Opinion: Community foundations play vital role in addressing real issues

 Community foundations fund front-line efforts like an outreach team in Providence, R.I., that works to connect homeless people in the city to critical social services. Photo courtesy of the Rhode Island Foundation. 

Community foundations fund front-line efforts like an outreach team in Providence, R.I., that works to connect homeless people in the city to critical social services. Photo courtesy of the Rhode Island Foundation. 

Note: Christian Braemer is the co-founder & CEO of Benefunder. This piece originally appeared in Benefunder's newsletter and has been republished with his permission. 

By Christian Braemer

Community foundations have recently been characterized by the press as schemes the wealthy use to shelter funds and avoid taxes. Some of these stories have even called out well-known entrepreneurs turned philanthropists like GoPro founder Nick Woodman and Facebook's Mark Zuckerberg in their critiques of the largest community foundation in the heart of Silicon Valley. 
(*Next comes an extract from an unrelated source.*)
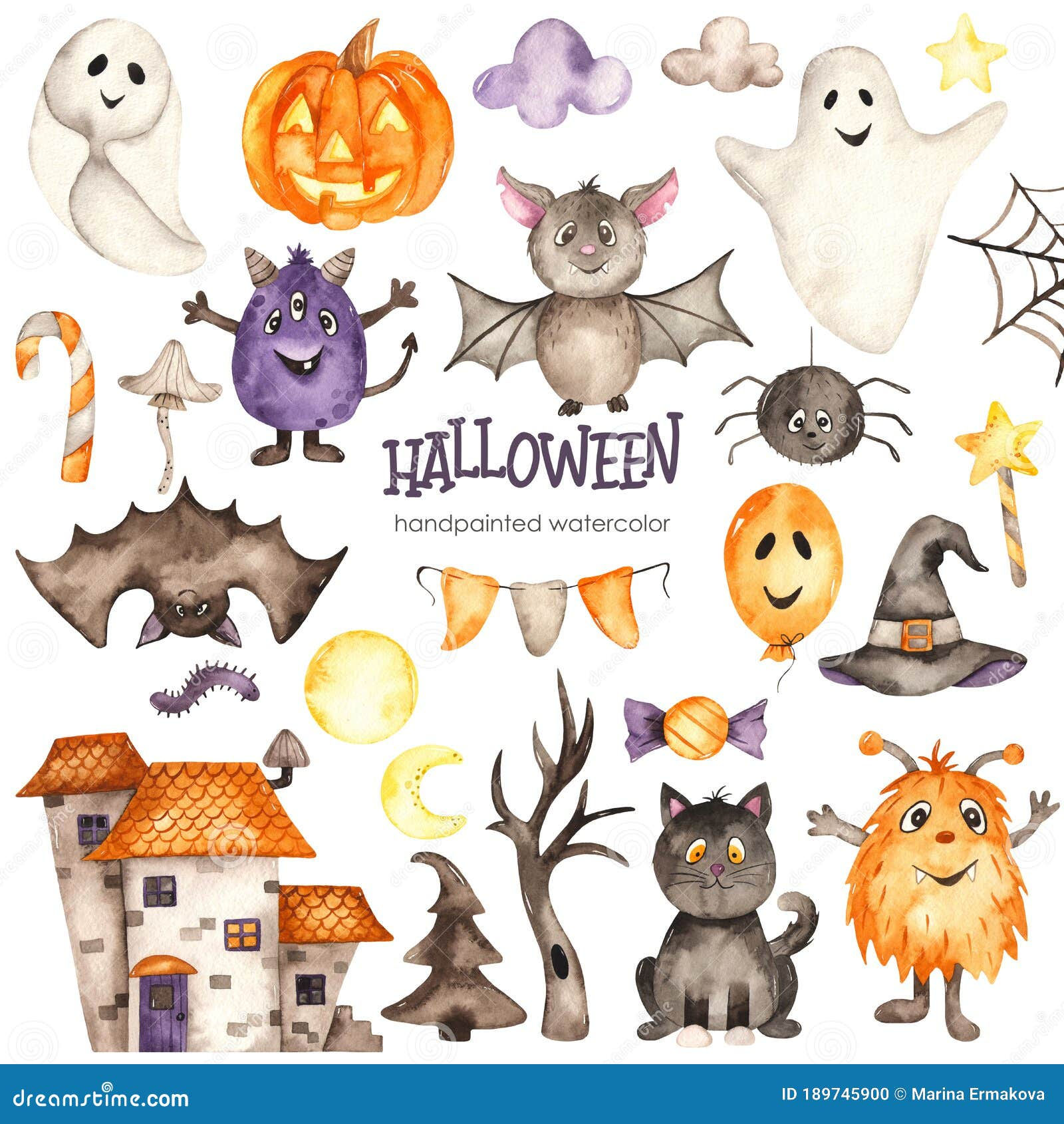 Wallpaper #SfS5OZMBKFX8bn3rL3dx323 Halloween Watercolor Set with Black Cat Ghosts Pumpkin Hat Monsters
Most claim community foundations don't do enough to distribute to local charities and offer little access or information on donors.

But do these critics have all the facts?

Because Benefunder works with community foundations, donor advised fund (DAF) administrators, and private foundations to deploy their resources more effectively to research and innovation, we thought it was important to set the record straight.

First, it's critical to understand what community foundations are -- and what they are not. They play multiple roles, one as a foundation with a location based charity to support their defined mission, second as a supporting organization for local foundations, and third as a DAF administrator. These roles are often conflated, but it is important to distinguish them.

Community foundations were originally created as a way to support charitable issues facing the local communities -- like homelessness, clean water, hunger etc. -- and to consolidate the operations of local private foundations and public charities. They convene, influence, mobilize, and execute in a way other funding sources cannot. 

They have prominent boards and concentration of charitable assets, they manage back office operations for local non-profits and tend to have their finger on the pulse of what's happening in the community and can often identify and react to problems before they become catastrophic. 

This aspect has been overlooked in the recent articles, but it is a critical role in serving their local stakeholders: Global philanthropy expert Kris Putnam-Walkerly says Community Foundations are the best way to donate to, and make an impact, on disaster relief.

DAFs came along later and are akin to an outsourced private foundation, a tax deductible account that allows the donor to give over time without all the HR and audit risk of a private foundation. They are inexpensive to set up and provide lots of convenience to the donor, including the ability to give anonymously, not to mention the support and services associated with effective giving.  

A few key trade offs in using a DAF vs. a private foundation is that while the donor gets the full benefit of a charitable donation at the time of contributing to the account, they give up control of the assets to the administrator in exchange for the ability to recommend distributions.

These charitable accounts have become so popular, that they now represent the majority of community foundation assets. While they may technically belong to the foundation, they are directed by the individual donors.

The fallacies in these recent articles are that community foundations don't do enough to deploy their assets in the local community and that DAF holders are getting all the benefit and not distributing enough. 

The reality is DAFs distribute at 3-4 times the rate of the average private foundation, none of which is directed by the community foundation. Also, there is no way for these reporters to know if or how much these individual donors have or have not given.

But generally, it's easy to follow the money. In 2013 the Silicon Valley Community Foundation was recognized as both the largest single grant-maker to San Francisco Bay area nonprofit organizations and the largest international grant-maker among Community Foundations. They continue to push initiatives locally, nationally and globally today.

While it is true that there are tax benefits to philanthropy, those benefits in no way diminish the work that Community Foundations do. Work like The Big Lift, an effort to improve the literacy of grade-school age children in San Mateo County, or The Silicon Valley Regional Fund, which aims to expand housing and transportation strategies that link local nonprofit service organizations. 

The manner in which community foundations provide for their communities makes them legally accountable to that community, and while they are not required to grant funds in accordance with the exact wishes of their donors, they are required to maintain privacy for their donors.

The point is, any program can be abused by unethical individuals, but the work community foundations do makes them worth keeping around. Their structure is what allows them to do what they do best. For example, if a community foundation is required to distribute funds that are currently unrestricted, there will be none to respond to a community's emergent and unexpected needs, which is where community foundations are often most invaluable.